Suite à ces mobilisations, le FSB commence à s’en prendre à l’organisation « Autodéfense populaire » et à ses membres. Dans le cadre de cette campagne de répression, le FSB arrête plusieurs anarchistes de Tchelyabinsk pour avoir accroché une banderole « le FSB est le principal terroriste ». Ils sont accusés d’appartenir à « Autodéfense populaire » et une instruction à charge est ouverte contre eux. Deux anarchistes sont arrêtés à Moscou pour avoir participé à des actions devant les locaux du FSB. Ils sont également accusés d’appartenir à « Autodéfense populaire » et sont actuellement sous contrôle judiciaire.

En mars 2018, de nombreuses perquisitions sont organisées à Moscou par les forces spéciales et le « Centre E » (lutte contre l’extrémisme). Retchkalov est arrêté, accusé d’être l’un des responsables de « Autodéfense populaire » et d’avoir participé à des actions contre des locaux du parti Russie unie. Il est torturé à l’électricité pour qu’il désigne les autres membres de « Autodéfense populaire ». Sous la torture, il reconnaît être l’un des animateurs d’ « Autodéfense populaire », mais dit ne pas connaître l’identité des personnes qui font partie du réseau sur internet. Son placement à l’isolement faisant scandale, il est libéré sous contrôle judiciaire. Il a fui clandestinement la Russie pour l’Europe.

D’autres opérations sont menées lors d’événements publics et de concerts dans le cadre de l’instruction sur l’affaire concernant « Autodéfense populaire ».

A l’été 2018, deux autres personnes originaires de Penza sont arrêtées à Moscou et accusées d’appartenir au réseau. Ils sont actuellement en détention provisoire.

Le 31 octobre 2018, Mikhaïl Jlobitskij organise un attentat suicide à l’entrée des locaux du FSB d’Arkhangelsk, blessant trois agents du FSB. Quelques minutes avant de passer à l’acte, il annonce ses intentions sur un chat Télégram lié au réseau social du mouvement « Autodéfense populaire », Prométhée. Dans ses messages, il explique son acte en dénonçant les tortures commises par le FSB.
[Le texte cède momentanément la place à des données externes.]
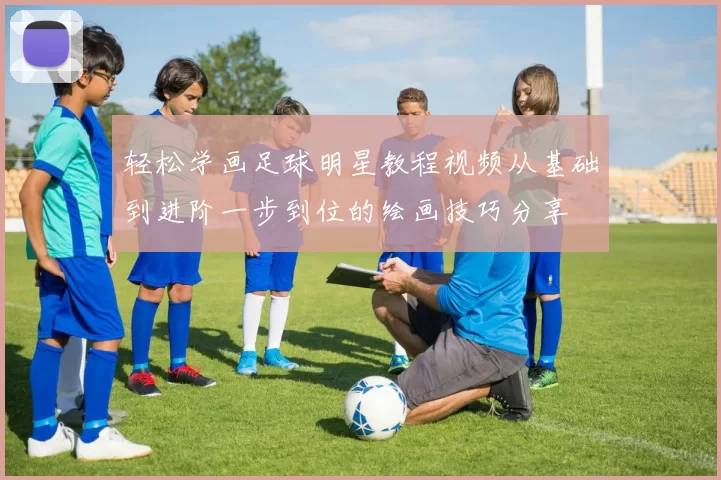 轻松学画足球明星教程视频从基础到进阶一步到位的绘画技巧分享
Suite à cette attaque, des opérations policières sont organisées dans plusieurs régions de Russie à l’encontre des membres supposés du réseau social sur lequel Jlobitskij a annoncé son acte. A Krasnodar, 100 personnes ont été interrogées sur leurs liens avec l’anarchisme et le mouvement « Autodéfense populaire », ainsi que leur opinion sur l’acte de Jlobitskij.

Le FSB déclare vouloir vérifier la totalité des personnes inscrites sur les réseaux sociaux liés à « Autodéfense populaire », ce qui représente près de 26 000 personnes. Les agents du FSB cherchent actuellement à identifier les administrateurs de ces réseaux.
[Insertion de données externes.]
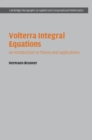 Volterra Integral Equations : An Introduction to Theory and Applications - eBook
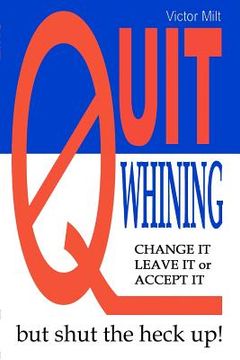 portada quit whining (en Inglés)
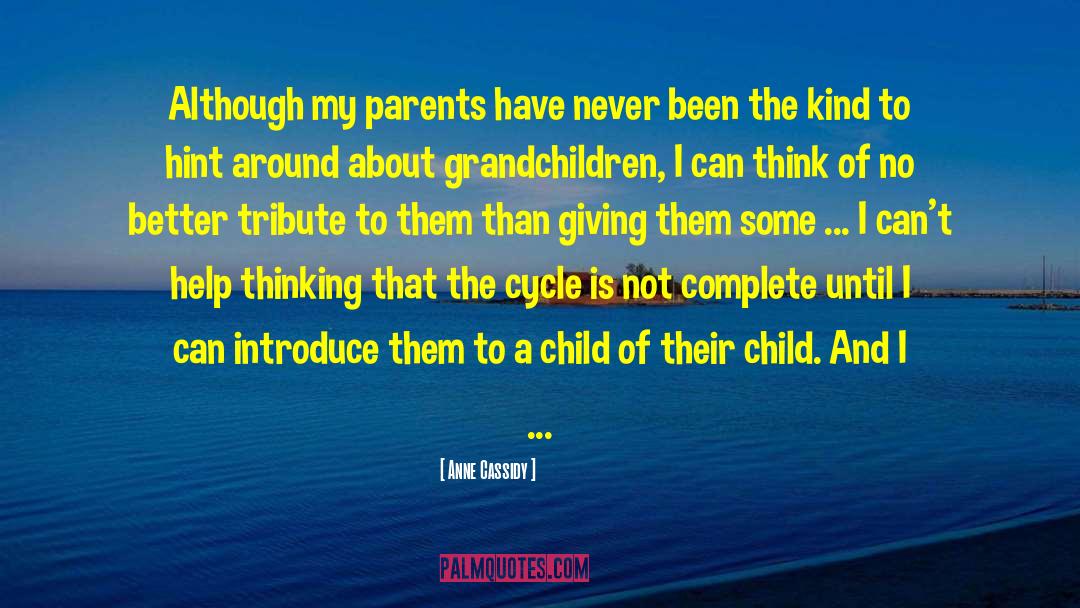 Foster Parent quotes by Anne Cassidy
Le 4 novembre 2018, un anarchiste, Lukychev, est arrêté pour avoir soutenu l’acte de Jlobitskij, ainsi que deux de ses amies. Accusé de « promotion du terrorisme », Lukychev est interrogé sans pause durant 36 heures et torturé. Les agents du FSB menacent d’imputer à ses amies l’administration du réseau social « Prométhée ».

Le FSB obtient les accès à l’administration du réseau social et publient une photo de Lukychev évanoui à la table d’interrogatoire, l’accompagnant de menaces à l’encontre des autres administrateurs du réseau. Les administrateurs parviennent à supprimer la totalité des personnes enregistrées sur le chat et à en recréer un autre, mais l’un d’eux, demandeur d’asile en Europe, est contacté en privé par les agents du FSB, qui le menacent de venir le kidnapper en France.

Sur leurs propres réseau social, « Operslil », la police russe publie la photo du cadavre de Jlobitskij, accompagnée de commentaires injurieux et de menaces à l’encontre du mouvement « Autodéfense populaire » et de ses membres.

Dans le même temps, le FSB arrête à Moscou un jeune anarchiste de 14 ans, Kirill Kuzminkin, prétendant avoir trouvé à son domicile une bombe qu’il s’apprêtait à faire exploser durant une marche nationaliste. Ses parents dénoncent les mensonges de la police et le fait qu’elle fasse passer un pot de yaourt pour un matériel explosif.

Le FSB affirme qu’au moins une dizaine de terroristes anarchistes sont recherchés à Moscou et annonce s’employer à les envoyer en prison. Les services de police œuvrent actuellement à anéantir les moyens de communication et médias anarchistes.